Exactly as written, copy every line from the one containing "Citrus Bloemige Citroen" through the end of the records, with the pictures left out.

[[ DATA UNDER STUDY, beginning ]]

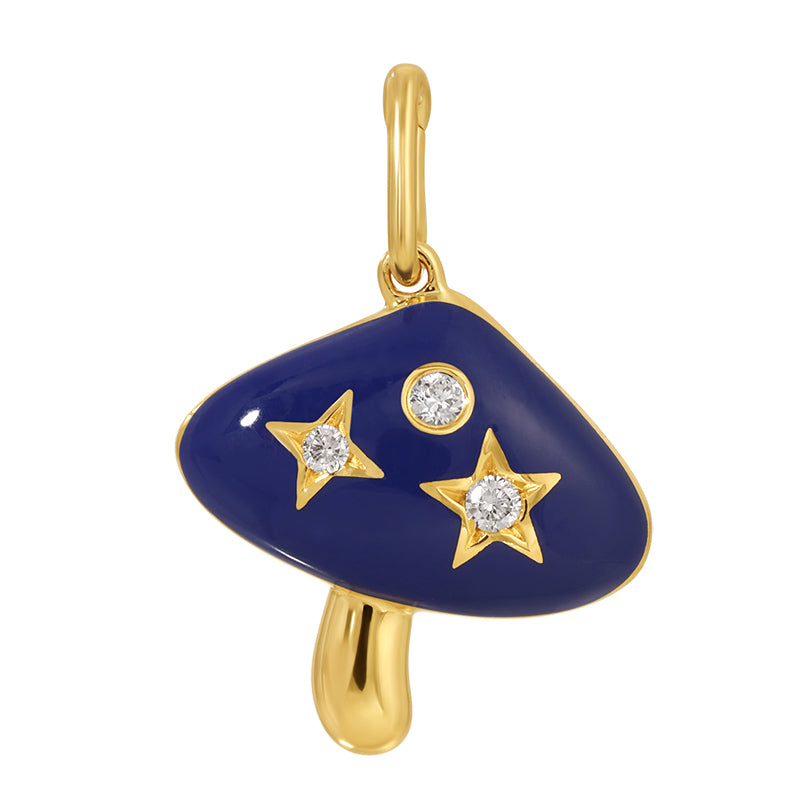 Blue Mushroom and Diamonds Pendant - SHOPKURY.COM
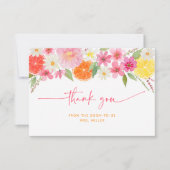 Citrus Bloemige Citroen Sinaasappel Bruidsontvangs Bedankkaart (Voorkant)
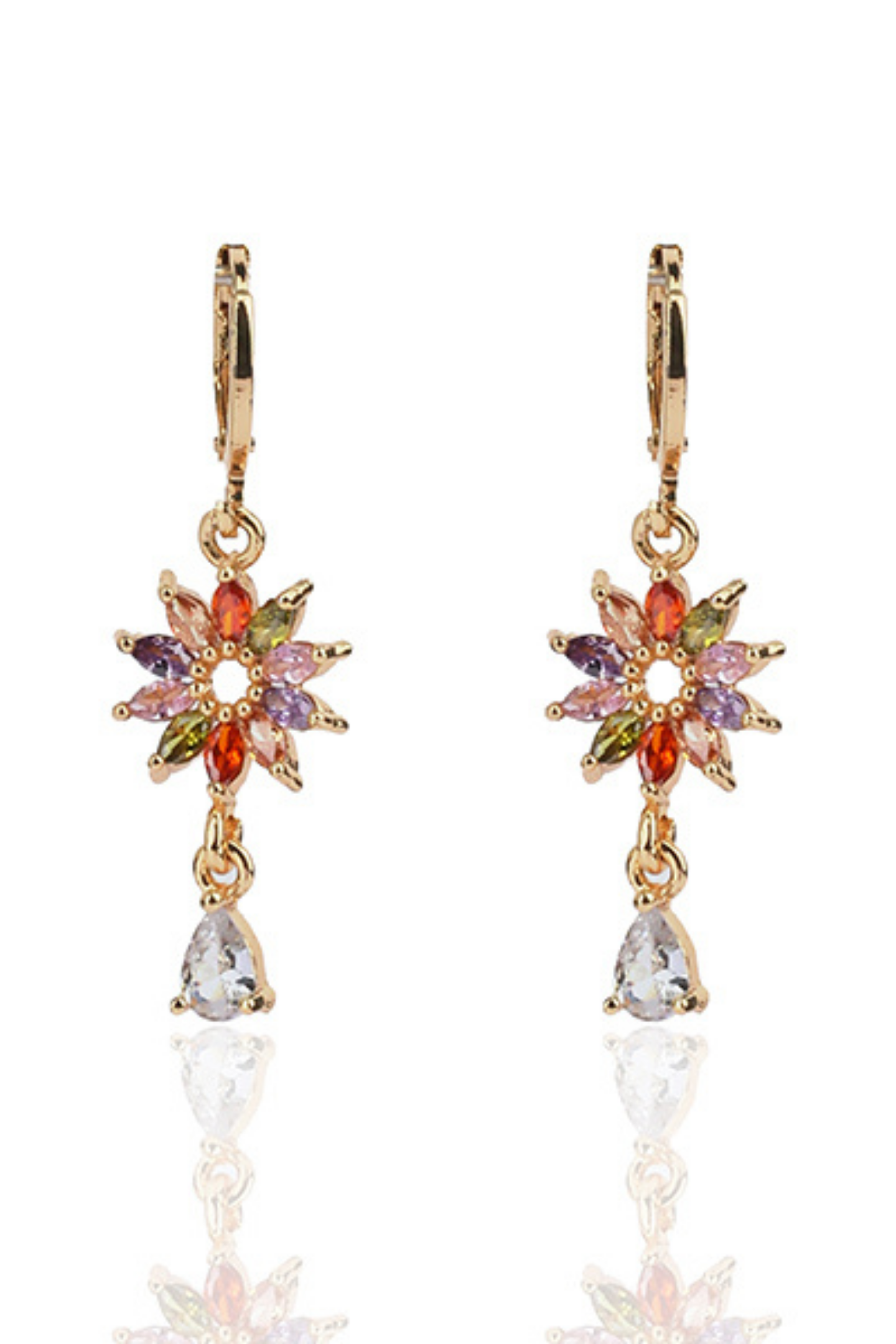 American Diamond Unique Flower Drop Earrings-Multicolour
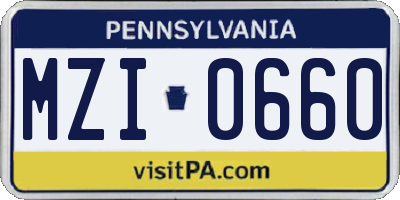 PA license plate MZI0660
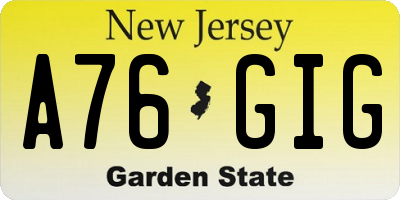 NJ license plate A76GIG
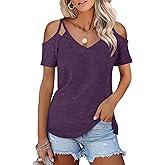 Minclouse Women's Summer Short Sleeves Tops Cold Shoulder V Neck Shirts Casual Strappy Tees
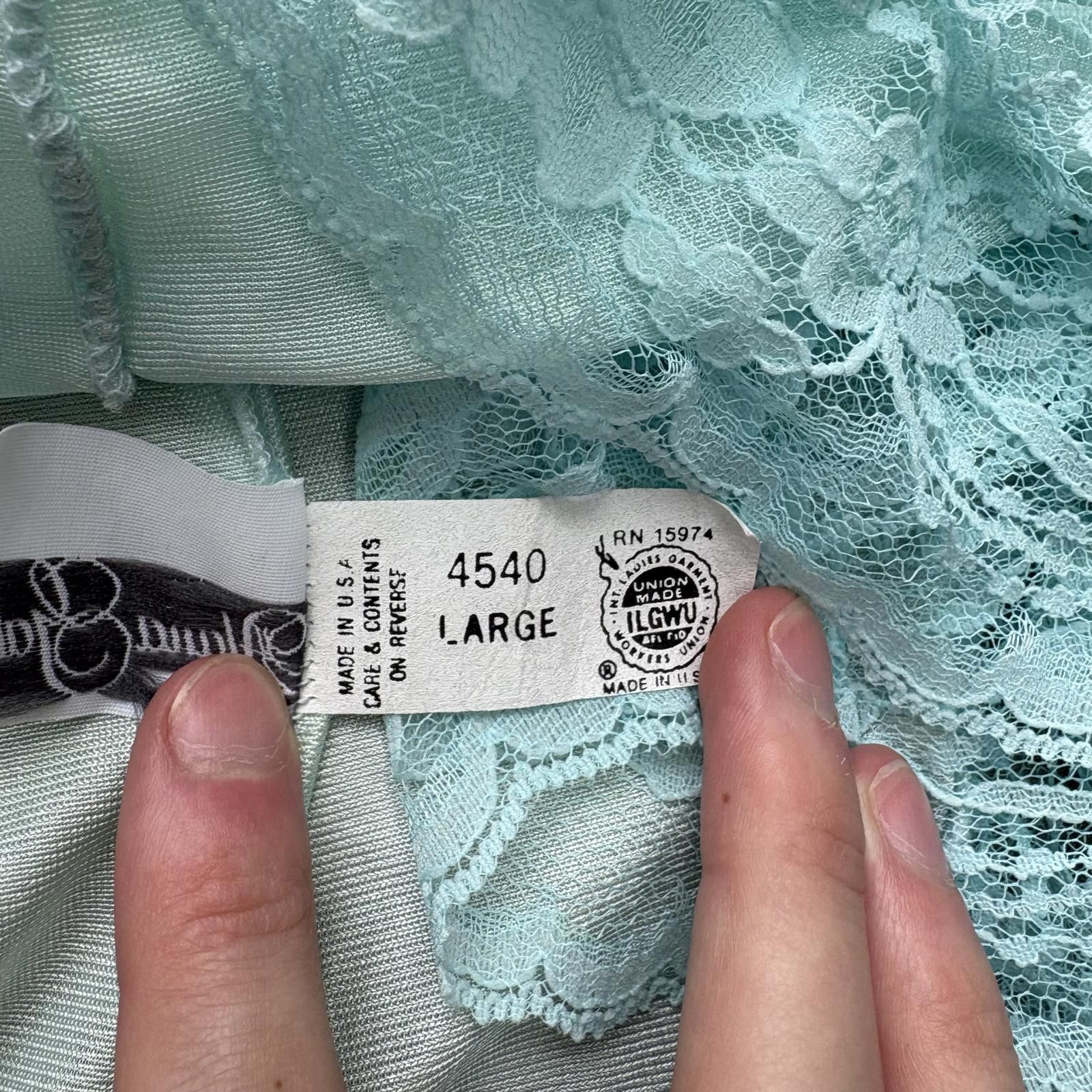 Vintage Vintage 70s Blue Floral Lace Trim Sheer Pearls Lingerie Top Size L / US 10 / IT 46 - 5 Thumbnail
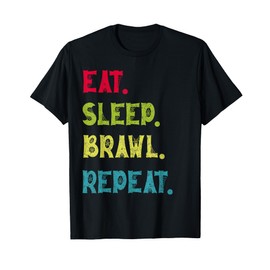 Funny Eat Sleep Brawl Repeat Stars Video Gamer Gaming T-Shirt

[[ DATA UNDER STUDY, end ]]

## FINISHED EXERCISE
 Citrus Bloemige Citroen Sinaasappel Bruidsontvangs Bedankkaart (Voorkant)
 American Diamond Unique Flower Drop Earrings-Multicolour
 PA license plate MZI0660
 NJ license plate A76GIG
 Minclouse Women's Summer Short Sleeves Tops Cold Shoulder V Neck Shirts Casual Strappy Tees
 Vintage Vintage 70s Blue Floral Lace Trim Sheer Pearls Lingerie Top Size L / US 10 / IT 46 - 5 Thumbnail
 Funny Eat Sleep Brawl Repeat Stars Video Gamer Gaming T-Shirt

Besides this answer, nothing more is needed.